Davos'ta süremizi 15 dakika aşmıştık ve oturumu bitirmem gerekiyordu. Kendimi kavganın ortasında buldum, herkesin fikrini söylemesini sağlayarak 'orta yol' bulma çabam suratıma çarpıldı. Gazze'de 'orta yol' yok ve ABD Ortadoğu'da, benim Davos'ta yapmak istediğim gibi olmayan bir orta yol arıyor.
Yaklaşık 30 yıl önce Ortadoğu'nun çeşitli savaşan taraflarından aldığım basın referans kartlarını hâlâ saklıyorum: Biri Lübnan'daki solcu bir Dürzi milisten, biri 'Falanj' diye bilinen sağcı Lübnanlı Hıristiyan milisten, biri Filistin Kurtuluş Örgütü'nden, bir diğeri İsrail hükümetinden. Tek ortak noktaları, 30'lu yaşlarının başlarındaki benim fotoğrafım; dağınık, öfkeyle bakan, sırların peçesini kaldırmaya kararlı bir adam.

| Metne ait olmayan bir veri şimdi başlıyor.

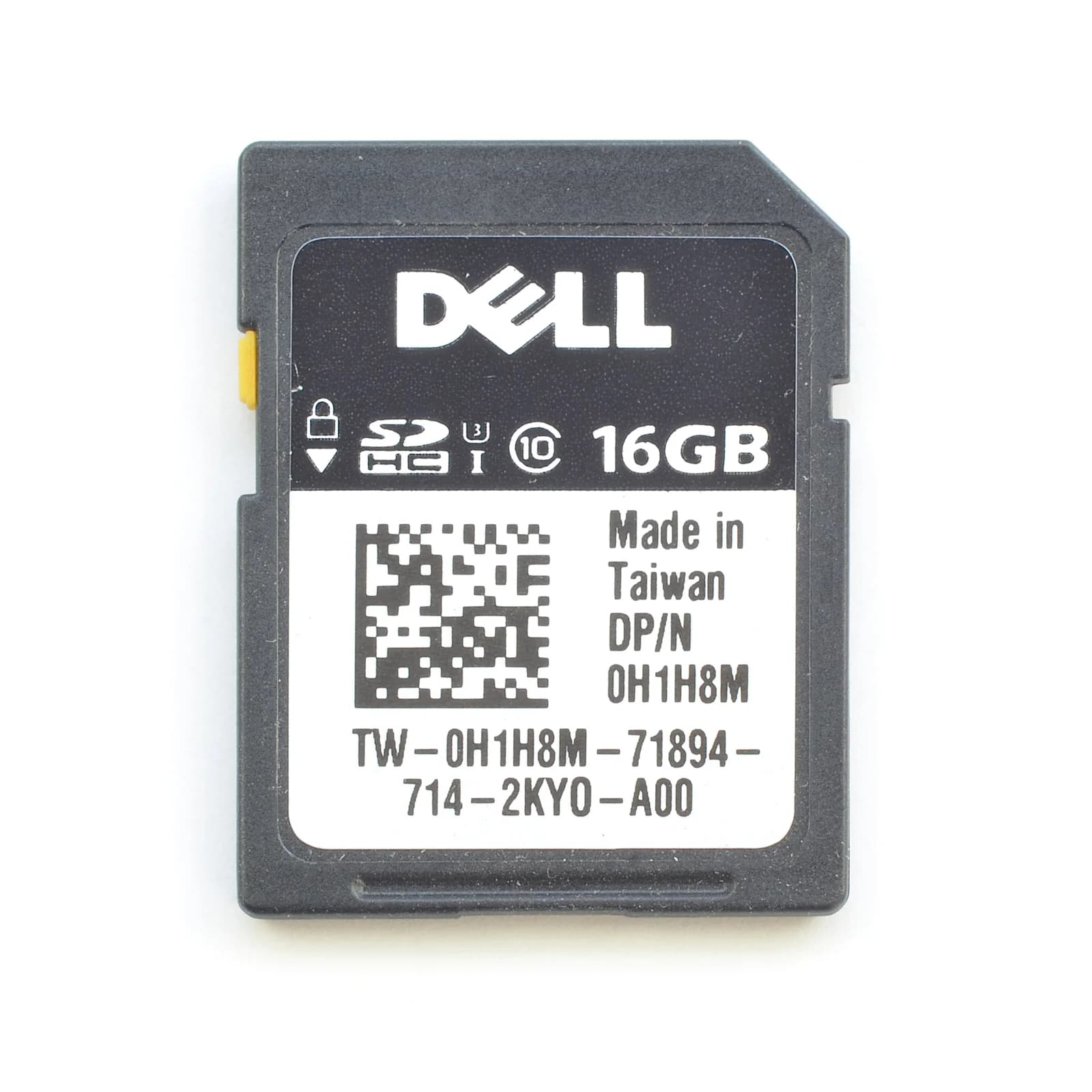 Dell 16GB SD Card (H1H8M)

Aldığım e-postalar hiç hoş değildi
Basın kartları bana Ortadoğu'da tam ortada olabildiğiniz ve bütün tarafları adilce haberleştirmeyi hayal edebildiğiniz bir dönemi hatırlatıyor. Ve ortada dediğimde, neredeyse tam olarak ortada olmayı kastediyorum. 1980'lerin başında sabah Batı Beyrut'ta Filistin Kurtuluş Örgütü'yle söyleşi yapabilir, öğlen vakti 'Yeşil Hat'taki keskin nişancıların önünden sürünerek geçebilir ve ardından Doğu Beyrut'taki İsrail destekli Falanjistlerde görüşebilirdiniz; iki taraf birbirine ateş ederken bile yapabilirdiniz bunu.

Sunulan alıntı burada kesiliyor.